77	    An order N block has 2^N physically contiguous pages, with the BUDDY flag
78	    set for and _only_ for the first page.
79	
80	15. COMPOUND_HEAD
81	16. COMPOUND_TAIL
82	    A compound page with order N consists of 2^N physically contiguous pages.
83	    A compound page with order 2 takes the form of "HTTT", where H donates its
84	    head page and T donates its tail page(s).  The major consumers of compound
85	    pages are hugeTLB pages (Documentation/vm/hugetlbpage.txt), the SLUB etc.
86	    memory allocators and various device drivers. However in this interface,
87	    only huge/giga pages are made visible to end users.
88	17. HUGE
89	    this is an integral part of a HugeTLB page
90	
91	19. HWPOISON
92	    hardware detected memory corruption on this page: don't touch the data!
93	
94	20. NOPAGE
95	    no page frame exists at the requested address
96	
97	21. KSM
98	    identical memory pages dynamically shared between one or more processes
99	
100	    [IO related page flags]
101	 1. ERROR     IO error occurred
102	 3. UPTODATE  page has up-to-date data
103	              ie. for file backed page: (in-memory data revision >= on-disk one)

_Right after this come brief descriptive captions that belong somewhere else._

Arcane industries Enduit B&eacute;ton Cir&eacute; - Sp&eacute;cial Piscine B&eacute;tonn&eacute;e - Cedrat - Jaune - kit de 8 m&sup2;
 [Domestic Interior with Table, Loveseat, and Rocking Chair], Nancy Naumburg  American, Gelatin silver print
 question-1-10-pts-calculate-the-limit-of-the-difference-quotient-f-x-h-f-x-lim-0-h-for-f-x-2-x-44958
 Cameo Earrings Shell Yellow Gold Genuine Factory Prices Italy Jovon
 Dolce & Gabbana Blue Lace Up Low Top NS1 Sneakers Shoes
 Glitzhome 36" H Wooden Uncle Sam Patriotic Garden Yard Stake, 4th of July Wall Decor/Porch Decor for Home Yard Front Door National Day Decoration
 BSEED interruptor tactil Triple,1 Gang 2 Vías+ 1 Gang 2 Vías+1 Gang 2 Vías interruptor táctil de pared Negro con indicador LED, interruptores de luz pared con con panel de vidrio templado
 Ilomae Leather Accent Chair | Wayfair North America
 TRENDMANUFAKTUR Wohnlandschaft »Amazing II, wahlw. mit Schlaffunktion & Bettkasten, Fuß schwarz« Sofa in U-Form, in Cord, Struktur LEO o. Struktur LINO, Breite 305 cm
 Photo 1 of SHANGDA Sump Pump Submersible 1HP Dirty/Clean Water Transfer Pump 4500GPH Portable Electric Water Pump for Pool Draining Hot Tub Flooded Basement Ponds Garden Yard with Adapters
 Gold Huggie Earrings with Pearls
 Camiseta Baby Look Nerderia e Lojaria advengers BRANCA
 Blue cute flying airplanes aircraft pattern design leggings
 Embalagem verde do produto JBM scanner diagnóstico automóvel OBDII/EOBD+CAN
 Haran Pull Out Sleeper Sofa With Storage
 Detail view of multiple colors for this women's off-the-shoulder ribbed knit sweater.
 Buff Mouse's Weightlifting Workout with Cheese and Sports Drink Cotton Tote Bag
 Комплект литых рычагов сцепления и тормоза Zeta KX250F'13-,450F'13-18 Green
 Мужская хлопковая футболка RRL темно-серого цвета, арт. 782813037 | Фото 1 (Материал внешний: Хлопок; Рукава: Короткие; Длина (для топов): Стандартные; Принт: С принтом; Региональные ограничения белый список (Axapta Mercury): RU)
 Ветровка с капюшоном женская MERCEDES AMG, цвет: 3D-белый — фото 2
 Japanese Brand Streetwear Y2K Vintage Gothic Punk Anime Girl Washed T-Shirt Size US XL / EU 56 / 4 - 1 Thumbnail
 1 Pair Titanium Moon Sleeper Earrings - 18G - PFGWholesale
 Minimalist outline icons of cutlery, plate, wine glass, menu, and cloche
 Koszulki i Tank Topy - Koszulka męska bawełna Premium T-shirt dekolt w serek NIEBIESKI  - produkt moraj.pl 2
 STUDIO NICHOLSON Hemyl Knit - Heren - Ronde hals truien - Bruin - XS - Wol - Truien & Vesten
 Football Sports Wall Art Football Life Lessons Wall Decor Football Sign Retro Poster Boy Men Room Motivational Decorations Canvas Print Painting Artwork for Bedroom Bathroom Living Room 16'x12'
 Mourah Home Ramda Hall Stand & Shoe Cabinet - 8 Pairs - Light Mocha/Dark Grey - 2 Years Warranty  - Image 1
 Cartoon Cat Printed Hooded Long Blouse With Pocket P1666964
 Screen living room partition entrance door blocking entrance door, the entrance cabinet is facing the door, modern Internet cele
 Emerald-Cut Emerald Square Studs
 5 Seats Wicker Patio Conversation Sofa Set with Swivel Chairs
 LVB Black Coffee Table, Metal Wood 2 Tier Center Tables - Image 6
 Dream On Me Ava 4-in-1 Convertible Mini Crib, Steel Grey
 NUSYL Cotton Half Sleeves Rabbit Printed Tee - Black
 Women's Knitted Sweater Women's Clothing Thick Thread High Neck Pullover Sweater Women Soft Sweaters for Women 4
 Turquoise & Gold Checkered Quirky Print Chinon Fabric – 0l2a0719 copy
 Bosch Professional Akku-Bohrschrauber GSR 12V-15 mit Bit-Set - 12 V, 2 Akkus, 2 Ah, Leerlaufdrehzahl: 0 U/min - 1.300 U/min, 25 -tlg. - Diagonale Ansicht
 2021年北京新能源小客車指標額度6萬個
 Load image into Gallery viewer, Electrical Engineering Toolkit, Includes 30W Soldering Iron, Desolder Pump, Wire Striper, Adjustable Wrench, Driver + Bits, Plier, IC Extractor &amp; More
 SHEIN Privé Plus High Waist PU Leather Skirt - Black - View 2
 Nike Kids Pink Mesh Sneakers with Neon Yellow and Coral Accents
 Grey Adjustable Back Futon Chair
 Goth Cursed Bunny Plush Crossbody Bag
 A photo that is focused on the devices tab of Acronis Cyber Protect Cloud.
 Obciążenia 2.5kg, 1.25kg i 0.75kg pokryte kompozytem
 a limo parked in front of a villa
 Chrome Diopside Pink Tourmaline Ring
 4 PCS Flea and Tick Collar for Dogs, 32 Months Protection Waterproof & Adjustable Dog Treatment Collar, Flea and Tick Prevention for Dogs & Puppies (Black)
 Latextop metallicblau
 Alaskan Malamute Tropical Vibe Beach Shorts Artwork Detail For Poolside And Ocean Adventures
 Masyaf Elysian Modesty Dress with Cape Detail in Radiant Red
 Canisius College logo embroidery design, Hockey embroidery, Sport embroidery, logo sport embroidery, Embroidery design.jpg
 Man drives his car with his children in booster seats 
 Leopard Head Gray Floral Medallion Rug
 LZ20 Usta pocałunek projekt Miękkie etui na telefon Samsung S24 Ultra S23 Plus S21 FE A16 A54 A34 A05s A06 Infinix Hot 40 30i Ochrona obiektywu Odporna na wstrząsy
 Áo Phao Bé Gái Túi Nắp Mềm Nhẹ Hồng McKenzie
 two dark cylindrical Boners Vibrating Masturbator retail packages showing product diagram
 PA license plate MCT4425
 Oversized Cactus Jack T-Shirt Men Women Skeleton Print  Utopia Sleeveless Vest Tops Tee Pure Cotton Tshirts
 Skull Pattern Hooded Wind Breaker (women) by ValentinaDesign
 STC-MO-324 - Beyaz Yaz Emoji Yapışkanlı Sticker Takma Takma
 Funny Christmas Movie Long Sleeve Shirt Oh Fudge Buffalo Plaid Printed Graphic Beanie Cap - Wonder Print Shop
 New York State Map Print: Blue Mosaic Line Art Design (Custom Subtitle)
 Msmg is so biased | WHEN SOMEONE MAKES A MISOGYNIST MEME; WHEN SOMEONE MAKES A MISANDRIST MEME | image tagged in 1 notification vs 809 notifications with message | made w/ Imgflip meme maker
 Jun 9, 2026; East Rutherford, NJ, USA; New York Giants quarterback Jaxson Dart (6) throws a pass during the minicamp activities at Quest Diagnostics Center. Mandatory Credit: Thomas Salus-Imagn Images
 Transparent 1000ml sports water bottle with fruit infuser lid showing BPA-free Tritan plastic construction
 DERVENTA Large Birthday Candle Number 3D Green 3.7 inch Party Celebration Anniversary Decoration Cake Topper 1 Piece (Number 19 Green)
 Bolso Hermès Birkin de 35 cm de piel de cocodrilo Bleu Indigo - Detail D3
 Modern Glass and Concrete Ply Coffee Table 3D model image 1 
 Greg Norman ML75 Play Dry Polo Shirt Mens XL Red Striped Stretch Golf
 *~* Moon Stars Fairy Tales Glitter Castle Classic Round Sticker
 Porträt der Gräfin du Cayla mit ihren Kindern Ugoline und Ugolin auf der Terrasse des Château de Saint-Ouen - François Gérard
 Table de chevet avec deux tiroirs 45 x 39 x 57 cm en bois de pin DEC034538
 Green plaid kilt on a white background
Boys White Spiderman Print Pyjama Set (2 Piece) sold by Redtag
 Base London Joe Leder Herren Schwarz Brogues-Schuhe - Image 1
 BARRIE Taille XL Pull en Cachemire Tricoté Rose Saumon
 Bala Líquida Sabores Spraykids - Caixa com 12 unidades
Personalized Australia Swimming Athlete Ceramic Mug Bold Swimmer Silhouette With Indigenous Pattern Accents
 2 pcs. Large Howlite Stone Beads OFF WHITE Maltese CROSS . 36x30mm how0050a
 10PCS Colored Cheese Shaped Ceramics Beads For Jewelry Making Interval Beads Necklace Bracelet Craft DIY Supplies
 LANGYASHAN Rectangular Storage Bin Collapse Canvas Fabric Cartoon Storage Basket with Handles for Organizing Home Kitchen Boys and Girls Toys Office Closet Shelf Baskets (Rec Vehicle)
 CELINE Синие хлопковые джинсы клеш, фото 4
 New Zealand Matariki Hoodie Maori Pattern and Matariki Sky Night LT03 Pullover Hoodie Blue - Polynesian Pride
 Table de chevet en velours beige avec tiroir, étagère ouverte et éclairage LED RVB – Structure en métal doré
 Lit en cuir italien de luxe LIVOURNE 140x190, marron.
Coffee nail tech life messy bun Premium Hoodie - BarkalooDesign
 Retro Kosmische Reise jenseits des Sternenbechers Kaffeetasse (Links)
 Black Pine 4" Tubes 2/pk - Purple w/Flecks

104	 4. DIRTY     page has been written to, hence contains new data
105	              ie. for file backed page: (in-memory data revision >  on-disk one)
106	 8. WRITEBACK page is being synced to disk
107	
108	    [LRU related page flags]
109	 5. LRU         page is in one of the LRU lists
110	 6. ACTIVE      page is in the active LRU list
111	18. UNEVICTABLE page is in the unevictable (non-)LRU list
112	                It is somehow pinned and not a candidate for LRU page reclaims,
113			eg. ramfs pages, shmctl(SHM_LOCK) and mlock() memory segments
114	 2. REFERENCED  page has been referenced since last LRU list enqueue/requeue
115	 9. RECLAIM     page will be reclaimed soon after its pageout IO completed
116	11. MMAP        a memory mapped page
117	12. ANON        a memory mapped page that is not part of a file
118	13. SWAPCACHE   page is mapped to swap space, ie. has an associated swap entry
119	14. SWAPBACKED  page is backed by swap/RAM
120	
121	The page-types tool in this directory can be used to query the above flags.
122	
123	Using pagemap to do something useful:
124	
125	The general procedure for using pagemap to find out about a process' memory
126	usage goes like this:
127	
128	 1. Read /proc/pid/maps to determine which parts of the memory space are
129	    mapped to what.
130	 2. Select the maps you are interested in -- all of them, or a particular
131	    library, or the stack or the heap, etc.
132	 3. Open /proc/pid/pagemap and seek to the pages you would like to examine.
133	 4. Read a u64 for each page from pagemap.
134	 5. Open /proc/kpagecount and/or /proc/kpageflags.  For each PFN you just
135	    read, seek to that entry in the file, and read the data you want.
136	
137	For example, to find the "unique set size" (USS), which is the amount of
138	memory that a process is using that is not shared with any other process,
139	you can go through every map in the process, find the PFNs, look those up
140	in kpagecount, and tally up the number of pages that are only referenced
141	once.
142	
143	Other notes:
144	
145	Reading from any of the files will return -EINVAL if you are not starting
146	the read on an 8-byte boundary (e.g., if you seeked an odd number of bytes
147	into the file), or if the size of the read is not a multiple of 8 bytes.